[Image-text web data]
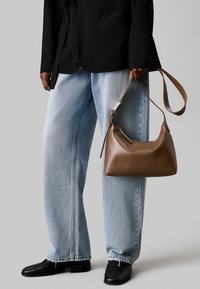 Brun læderhandbag med en buet form og lynlås, holdt af en person iført en sort blazer og lyseblå løse jeans.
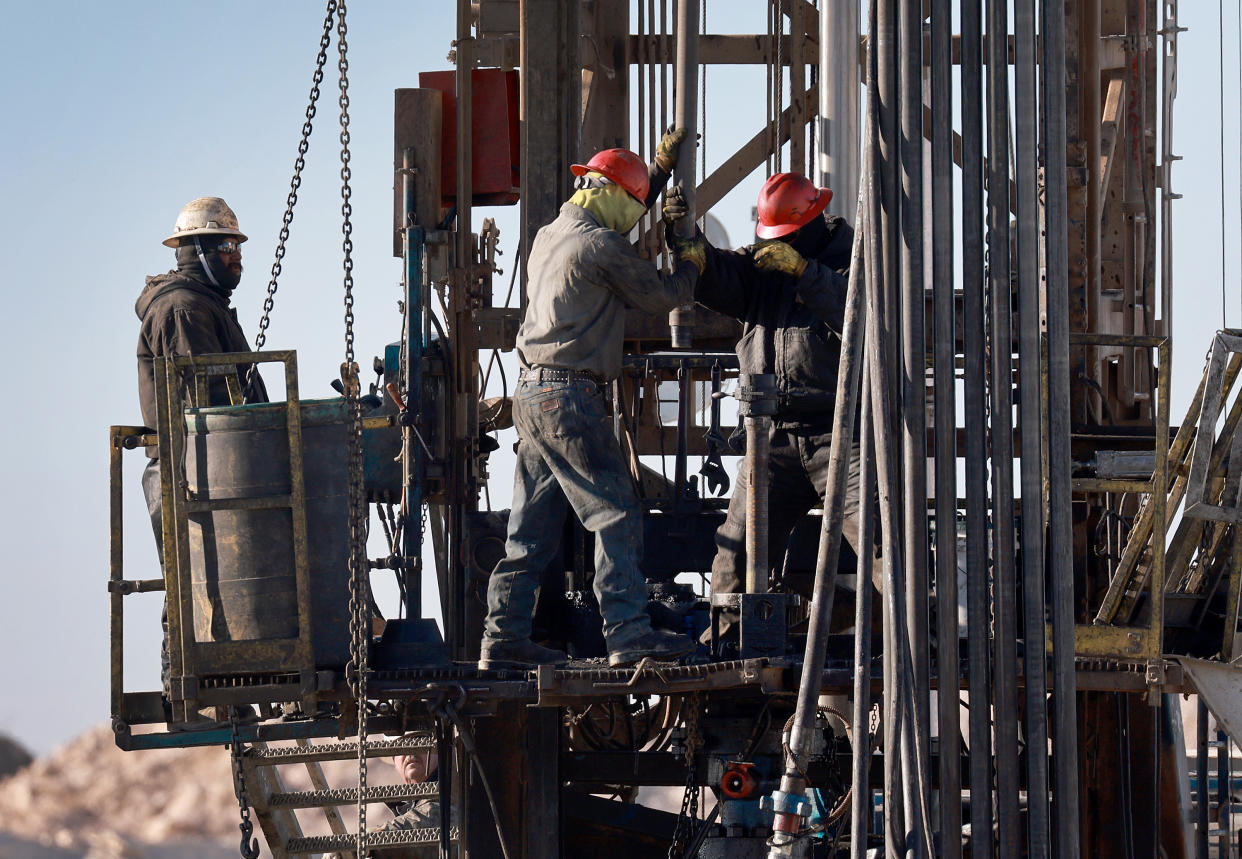 MIDLAND, TEXAS - MARCH 12: Workers place pipe into the ground on an oil drilling rig set up in the Permian Basin oil field on March 12, 2022 in Midland, Texas.  President Joe Biden imposed a ban on Russian oil, the world’s third-largest oil producer, which may mean that oil producers in the Permian Basin will need to pump more oil to meet demand. The Permian Basin is the largest petroleum-producing basin in the United States. (Photo by Joe Raedle/Getty Images)
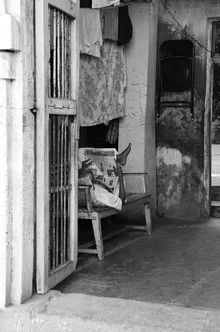 Photo art by Charlotte McGinnis: relaxed siesta in Mumbai with newspaper and book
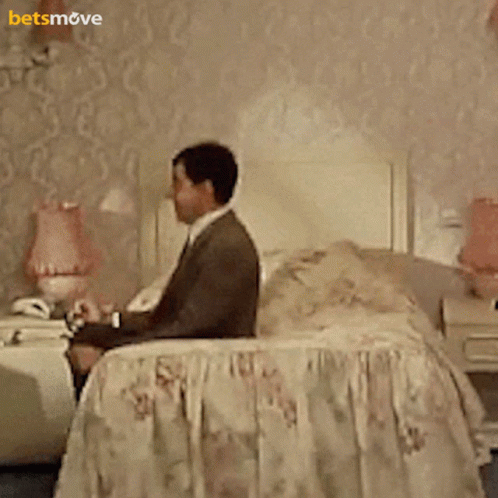 Mr Bean Waiting Jumping On The Bed GIF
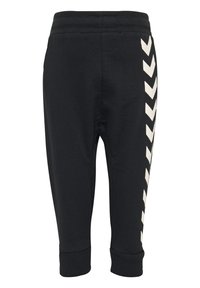 Pantalons de jogging noirs avec une taille côtelée et des chevilles resserrées. Présente un motif en chevrons crème sur le côté pour le contraste. Tissu doux et lisse.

■ GOAL OF THE EXERCISE ■
Repeat, word for word, each of the records, omitting any image they hold.

■ RESPONSE AREA ■
 Brun læderhandbag med en buet form og lynlås, holdt af en person iført en sort blazer og lyseblå løse jeans.
 MIDLAND, TEXAS - MARCH 12: Workers place pipe into the ground on an oil drilling rig set up in the Permian Basin oil field on March 12, 2022 in Midland, Texas.  President Joe Biden imposed a ban on Russian oil, the world’s third-largest oil producer, which may mean that oil producers in the Permian Basin will need to pump more oil to meet demand. The Permian Basin is the largest petroleum-producing basin in the United States. (Photo by Joe Raedle/Getty Images)
 Photo art by Charlotte McGinnis: relaxed siesta in Mumbai with newspaper and book
 Mr Bean Waiting Jumping On The Bed GIF
 Pantalons de jogging noirs avec une taille côtelée et des chevilles resserrées. Présente un motif en chevrons crème sur le côté pour le contraste. Tissu doux et lisse.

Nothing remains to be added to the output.